Re: Esxcli "Connection error"

StephenMoll · ‎03-13-2020

I have been running a script in "local.sh" on some of our hosts that does several things, amongst which is a task to bring a host out of maintenance mode.

We have been using this script for some years, starting at a time when we were using vSphere 6.5.

We are now on 6.7u2 and on one of our systems the script has started playing up.

Especially this bit:

MaintenanceModeStatus=$(esxcli system maintenanceMode get)

case $MaintenanceModeStatus in

Enabled)

logger -s "AUTO-START : Exiting Maintenance Mode"

vim-cmd hostsvc/maintenance_mode_exit

if [ $? -ne 0 ]

then

logger -s "AUTO-START : Maintenance Mode exit failed"

fi

;;

Disabled)

logger -s "AUTO-START : Already out of Maintenance Mode"

;;

*)

logger -s "AUTO-START : Invalid MaintenanceMode status - $MaintenanceModeStatus"

esac

We have started seeing log entries for an "Invalid MaintenanceMode status" appearing for both hosts that use the script on one of the systems.

$MaintenanceModeStatus is coming back as "Connection error".

Putting a sleep delay before this section of the script seems to help, but we would like to understand why.

When "local.sh" is run, is possibly the case that not all services in VCSA are fully ready, and calls to get information may come back invalid, empty or unexpected values?

NathanosBlightc · ‎03-13-2020

Hi

Try the localcli command instead of esxcli and give back the result

Please mark my comment as the Correct Answer if this solution resolved your problem

StephenMoll · ‎03-14-2020

I might try that.

I also going to propose that we put a test script in local.sh that makes lots of maintenance mode status requests in a tight loop and logs the results. Then we hopefully baseline the readiness time of the host and put either a fixed delay or alternatively change the request to loop until the response is either "Enabled" or "Disabled" as we expect. In the latter case though I am not sure if it would be prudent to put a limit on the loop, i.e. would we need to cover of the possibility that we don't ever get the expected responses?
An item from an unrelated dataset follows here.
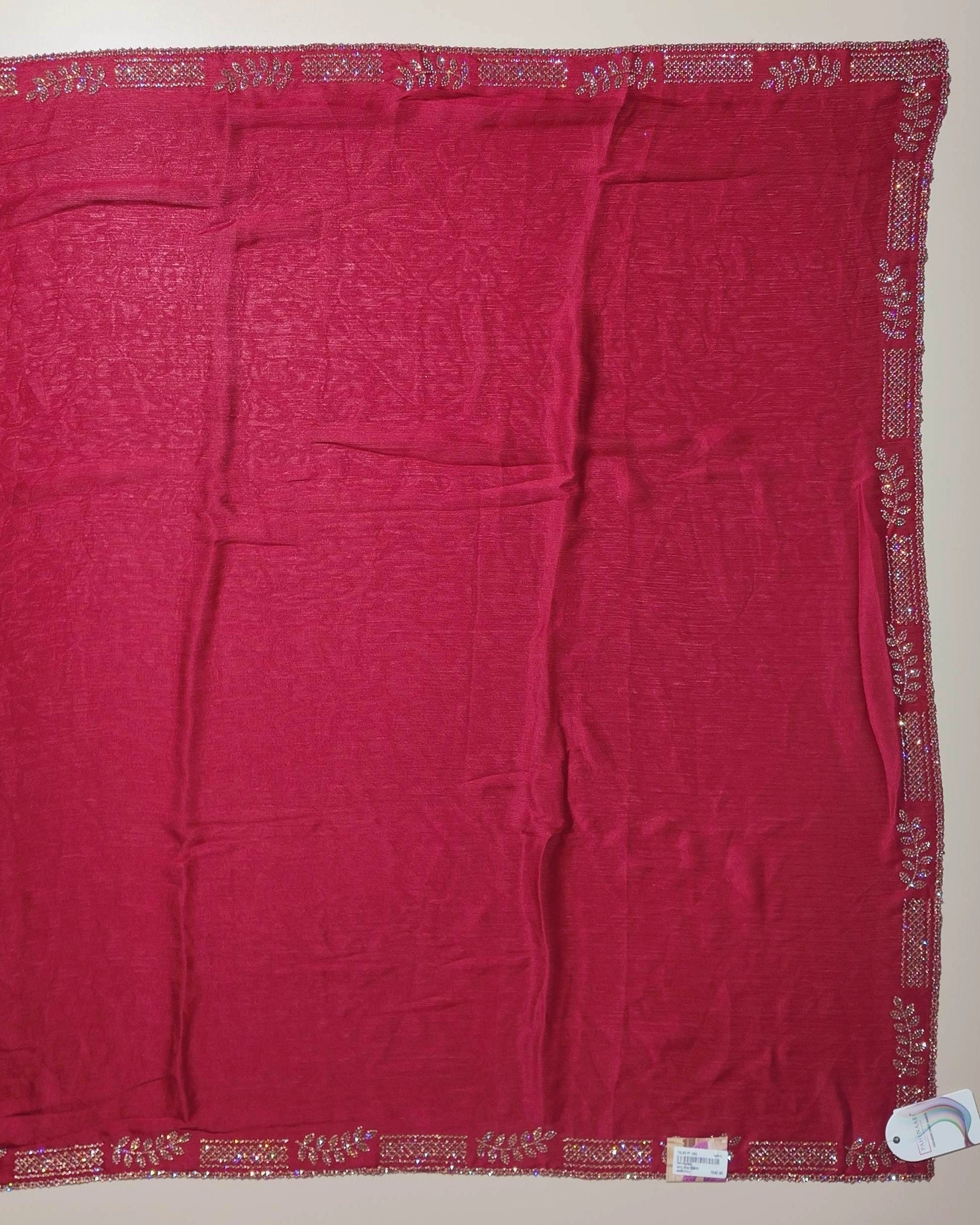 Elegant Maroon Embellished Shawl - Red - Picture 3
I suppose in reality we could remove the check altogether, and simply request a maintenance mode exit whenever the script runs. That assumes that the request can't suffer the same "Connection error" of course.
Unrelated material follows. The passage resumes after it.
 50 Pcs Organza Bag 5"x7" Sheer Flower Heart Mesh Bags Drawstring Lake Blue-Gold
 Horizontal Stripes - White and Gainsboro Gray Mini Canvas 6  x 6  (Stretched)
NathanosBlightc · ‎03-14-2020

would we need to cover of the possibility that we don't ever get the expected responses?

Maybe somehow ...

Please test two ways:

1.Try this instead of esxcli: vimsh -n -e /hostsvc/maintenance_mode_exit (vim-cmd has only enter option not exit)
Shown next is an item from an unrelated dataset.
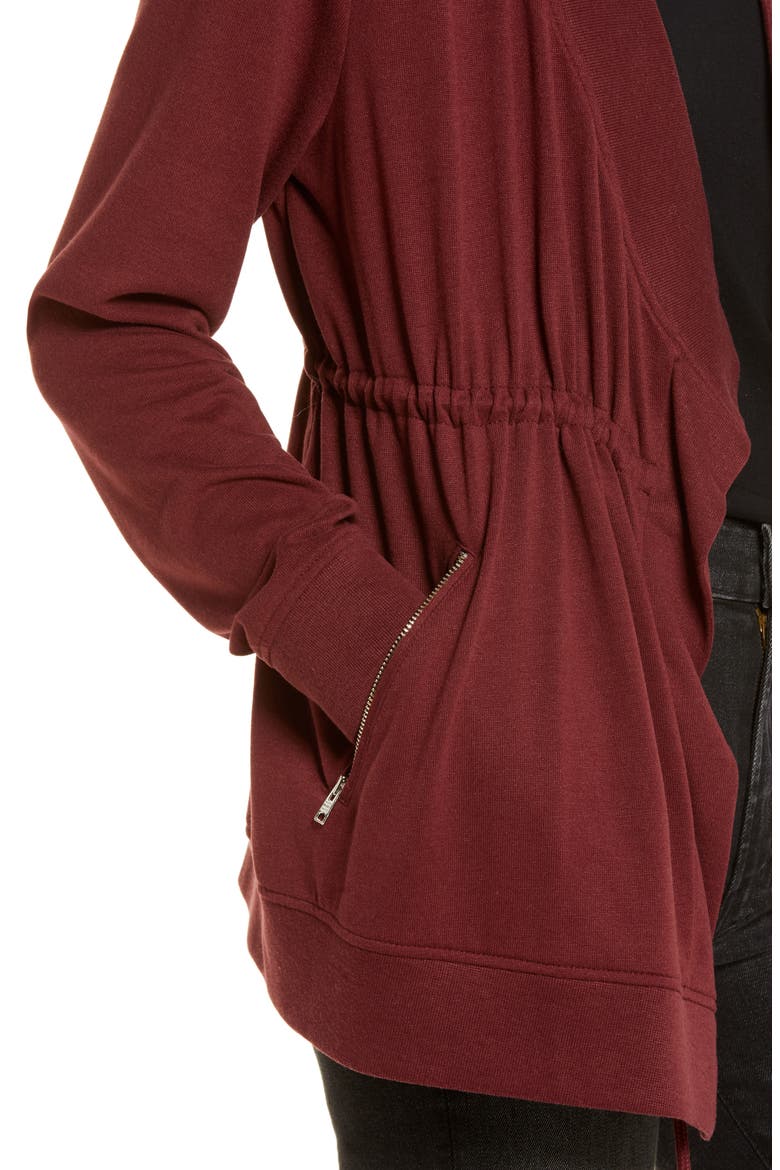 Gina Drape Jacket, Alternate, color, OXBLOOD RED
2. Run other esxcli / localcli system syntax (instead of maintenanceMode) when the host is in maintenanceMode and check their operations

Please mark my comment as the Correct Answer if this solution resolved your problem

StephenMoll · ‎03-14-2020

Not really keen to go the "localcli" route. But will try it if permitted to do so.

I suspect at the moment that the issue I am seeing is simply to do with timing. The script is trying to do things before the host is really ready. All this worked flawlessly under ESXi 6.5 for nearly two years. ESXi 6.7 definitely behaves differently in subtle ways.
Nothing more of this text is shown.